_EXERCISE DIRECTIONS_
The result should be every line that contains the word "Listing", taken from the material.

Content starts

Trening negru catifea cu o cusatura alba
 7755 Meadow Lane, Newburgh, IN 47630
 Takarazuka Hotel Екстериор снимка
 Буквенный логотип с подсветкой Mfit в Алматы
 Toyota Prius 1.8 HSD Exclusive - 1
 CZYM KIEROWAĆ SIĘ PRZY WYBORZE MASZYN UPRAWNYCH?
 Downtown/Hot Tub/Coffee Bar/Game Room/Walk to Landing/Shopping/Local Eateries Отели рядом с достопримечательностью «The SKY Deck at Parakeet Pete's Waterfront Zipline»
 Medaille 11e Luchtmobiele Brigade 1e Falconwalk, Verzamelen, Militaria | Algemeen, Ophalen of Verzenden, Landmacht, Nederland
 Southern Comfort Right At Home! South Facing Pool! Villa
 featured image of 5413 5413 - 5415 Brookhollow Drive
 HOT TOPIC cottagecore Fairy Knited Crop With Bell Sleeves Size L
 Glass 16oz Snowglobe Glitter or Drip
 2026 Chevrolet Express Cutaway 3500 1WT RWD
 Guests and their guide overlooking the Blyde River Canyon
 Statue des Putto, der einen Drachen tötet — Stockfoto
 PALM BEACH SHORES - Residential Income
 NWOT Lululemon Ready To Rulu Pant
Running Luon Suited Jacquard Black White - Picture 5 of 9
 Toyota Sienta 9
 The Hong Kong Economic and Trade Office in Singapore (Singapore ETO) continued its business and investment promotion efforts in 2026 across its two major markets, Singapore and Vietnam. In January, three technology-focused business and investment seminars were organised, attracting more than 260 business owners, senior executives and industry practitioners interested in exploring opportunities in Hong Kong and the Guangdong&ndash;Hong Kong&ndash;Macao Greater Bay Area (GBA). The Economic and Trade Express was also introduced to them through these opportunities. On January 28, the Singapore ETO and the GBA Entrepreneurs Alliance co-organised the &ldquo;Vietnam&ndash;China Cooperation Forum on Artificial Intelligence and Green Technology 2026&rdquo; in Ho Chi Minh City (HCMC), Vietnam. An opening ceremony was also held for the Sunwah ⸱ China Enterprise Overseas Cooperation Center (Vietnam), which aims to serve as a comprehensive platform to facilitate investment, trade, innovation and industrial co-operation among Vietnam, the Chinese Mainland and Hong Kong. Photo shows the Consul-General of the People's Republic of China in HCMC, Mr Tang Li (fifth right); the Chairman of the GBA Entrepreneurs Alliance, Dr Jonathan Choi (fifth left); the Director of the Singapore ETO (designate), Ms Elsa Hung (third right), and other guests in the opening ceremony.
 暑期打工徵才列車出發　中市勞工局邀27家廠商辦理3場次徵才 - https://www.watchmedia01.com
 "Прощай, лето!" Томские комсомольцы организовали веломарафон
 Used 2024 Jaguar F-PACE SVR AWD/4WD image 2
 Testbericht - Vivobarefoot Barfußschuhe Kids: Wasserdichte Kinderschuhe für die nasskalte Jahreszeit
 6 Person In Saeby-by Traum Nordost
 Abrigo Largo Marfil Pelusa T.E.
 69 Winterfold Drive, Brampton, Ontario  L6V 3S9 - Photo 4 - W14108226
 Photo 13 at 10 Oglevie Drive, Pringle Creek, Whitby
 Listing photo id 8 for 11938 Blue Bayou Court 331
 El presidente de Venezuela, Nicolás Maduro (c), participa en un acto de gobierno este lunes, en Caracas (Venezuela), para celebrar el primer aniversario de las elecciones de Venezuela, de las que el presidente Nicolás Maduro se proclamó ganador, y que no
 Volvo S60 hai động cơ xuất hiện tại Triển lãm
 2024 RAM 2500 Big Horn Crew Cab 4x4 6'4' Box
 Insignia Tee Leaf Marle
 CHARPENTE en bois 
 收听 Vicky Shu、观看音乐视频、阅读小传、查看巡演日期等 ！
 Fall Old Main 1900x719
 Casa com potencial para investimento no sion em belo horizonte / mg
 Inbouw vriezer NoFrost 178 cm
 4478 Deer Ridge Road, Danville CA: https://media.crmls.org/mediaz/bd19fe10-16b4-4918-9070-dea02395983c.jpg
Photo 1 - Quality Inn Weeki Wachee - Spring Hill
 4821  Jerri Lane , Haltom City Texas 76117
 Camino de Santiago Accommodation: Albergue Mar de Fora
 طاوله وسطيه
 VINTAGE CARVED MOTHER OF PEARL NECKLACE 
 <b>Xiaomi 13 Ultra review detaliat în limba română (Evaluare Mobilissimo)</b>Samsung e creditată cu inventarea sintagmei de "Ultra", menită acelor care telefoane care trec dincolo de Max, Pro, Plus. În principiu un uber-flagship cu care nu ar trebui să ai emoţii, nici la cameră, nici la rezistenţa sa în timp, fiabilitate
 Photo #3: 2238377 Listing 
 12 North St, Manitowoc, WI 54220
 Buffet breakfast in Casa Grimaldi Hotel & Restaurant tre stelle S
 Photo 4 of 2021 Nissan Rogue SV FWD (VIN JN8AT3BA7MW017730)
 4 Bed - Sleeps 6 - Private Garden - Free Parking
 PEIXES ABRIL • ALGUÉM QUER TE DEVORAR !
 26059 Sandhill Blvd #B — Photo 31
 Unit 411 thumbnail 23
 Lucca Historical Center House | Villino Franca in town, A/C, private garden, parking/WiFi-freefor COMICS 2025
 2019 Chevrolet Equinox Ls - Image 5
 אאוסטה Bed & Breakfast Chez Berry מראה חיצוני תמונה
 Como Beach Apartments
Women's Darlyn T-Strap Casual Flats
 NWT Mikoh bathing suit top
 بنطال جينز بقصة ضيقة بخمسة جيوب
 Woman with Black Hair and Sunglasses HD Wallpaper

Content ends

_SOLUTION TO THIS TASK_
 Listing photo id 8 for 11938 Blue Bayou Court 331
 Photo #3: 2238377 Listing 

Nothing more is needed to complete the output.